Dieser limitierte Erfolg für Putin besteht darin, dass die westlichen Exponenten ziemlich klar signalisiert haben, dass die Ukraine noch auf sehr lange nicht der Nato beitreten werde können. Unausgesprochen muss man hinzufügen: Wenn überhaupt.
Sie haben das aber in keiner Weise verbindlich oder vertraglich gesagt. So wenig, wie sie das nach 1990 in Hinblick auf Deutschland oder die frei werdenden Ex-Satellitenstaaten getan haben, als angeblich ähnliche Zusagen gefallen sind.
Eine Verbindlichkeit von Kein-Nato-Beitritt-Zusagen wird zwar von Moskau und seinen europäischen Propagandisten am äußersten linken und rechten Rand der politischen Szene ständig behauptet. Aber von den vielen Varianten, Aspekten und Möglichkeiten, die in einem Gespräch vorkommen, ist ganz eindeutig nur das gültig und relevant, was am Schluss in einem Vertrag oder zumindest Protokoll festgehalten ist. Wäre hinter Polstertüren wirklich eine Nicht-Ausdehnung der Nato konkret zugesagt worden, dann hätten die Russen mit absoluter Sicherheit darauf bestanden, dass das auch schriftlich festgehalten wird. Ganz abgesehen davon, dass es bei jenen Gesprächen um solche wegen des Abzugs aus Deutschland gegangen ist – noch lange bevor die Ukraine wiederentstanden ist.

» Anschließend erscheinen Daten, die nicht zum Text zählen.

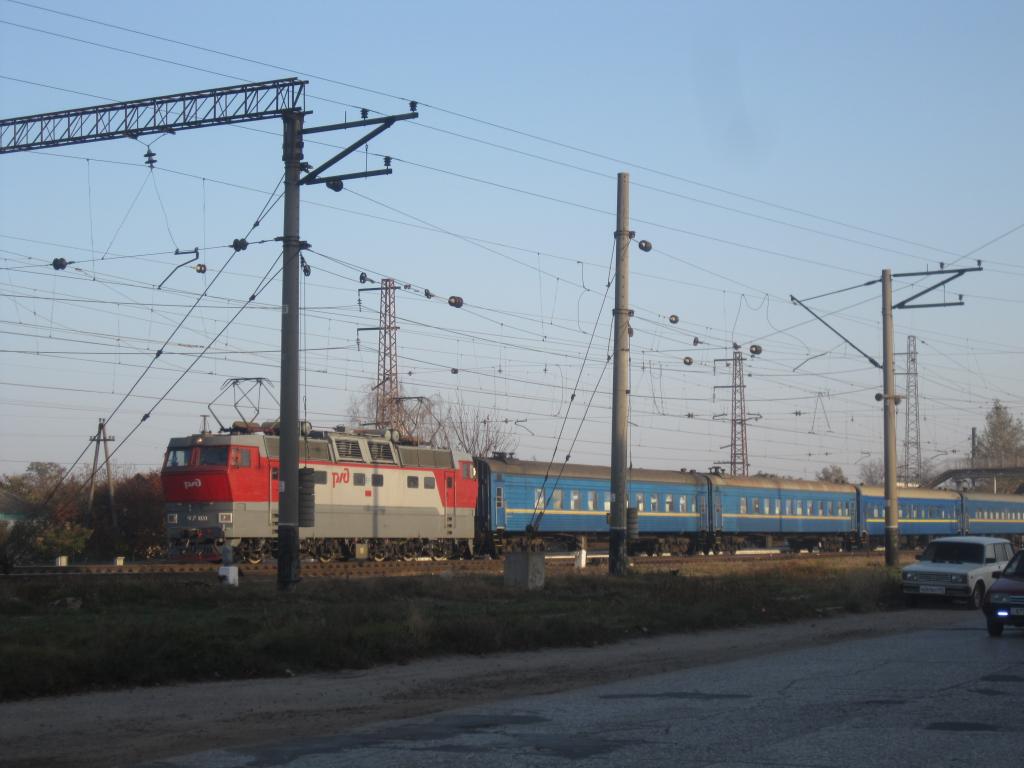 Восстановление железной дороги в Крым. Сайт жд крыма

Dass nunmehr in Hinblick auf die Ukraine öffentlich von einem Aufschieben des Nato-Beitritts geredet wurde, ist sicher ein Erfolg für Putin, auch wenn das eindeutig vage und unverbindlich geblieben ist. Auch bleibt der Wunsch, der Nato und der EU beizutreten, unverändert Teil der ukrainischen Verfassung und ebenso des politischen Wollens fast der ganzen Ukraine. Der Beitritt zu jeder internationalen Organisation oder einem Verteidigungsbündnis ist Kern der Souveränität eines Staates.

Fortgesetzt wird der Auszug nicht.